Marszałek Sejmu Szymon Hołownia zostanie przesłuchany w prokuraturze w pierwszej połowie października w związku z jego głośnymi słowami o rzekomym „zamachu stanu”.

Chodzi o wypowiedź z lipca, w której Hołownia ujawnił, że sugerowano mu opóźnienie zaprzysiężenia prezydenta Karola Nawrockiego – co sam określił jako „zamach stanu”, choć później zaznaczył, że użył tego terminu w sensie politycznym, nie prawnym.

Sprawa stała się elementem większego śledztwa wszczętego przez Michała Ostrowskiego – bliskiego współpracownika Zbigniewa Ziobry – po zawiadomieniu prezesa Trybunału Konstytucyjnego Bogdana Święczkowskiego.

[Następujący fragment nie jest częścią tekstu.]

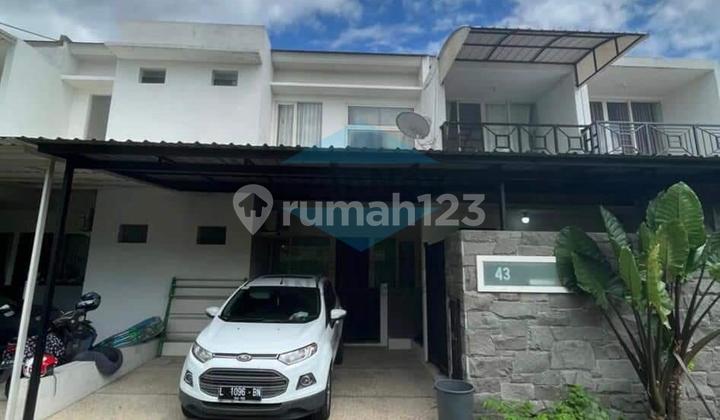 Rumah Minimalis 2 lantai Decasa Residence Lakarsantri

Zarzuty dotyczą działań mających rzekomo na celu zmianę konstytucyjnego ustroju państwa, w które mieli być zamieszani m.in. premier, ministrowie oraz marszałkowie Sejmu i Senatu.

Przesłuchanie Hołowni ma status świadka zawiadamiającego. Jak przekazała prokuratura, do końca grudnia 2025 roku zaplanowano liczne przesłuchania w tej sprawie. Tymczasem w lutym ówczesny minister sprawiedliwości Adam Bodnar zawiesił prokuratora Ostrowskiego, zarzucając mu naruszenia procedur i wszczęcie śledztwa poza systemem ewidencyjnym.

Hołownia sprawy komentować nie chce, a jego współpracownicy mówią o politycznej nagonce. Sprawa, choć formalnie prowadzona przez prokuraturę, nabiera wyraźnego wymiaru politycznego, a przesłuchanie marszałka może tylko zaognić spór między obozami władzy i opozycji.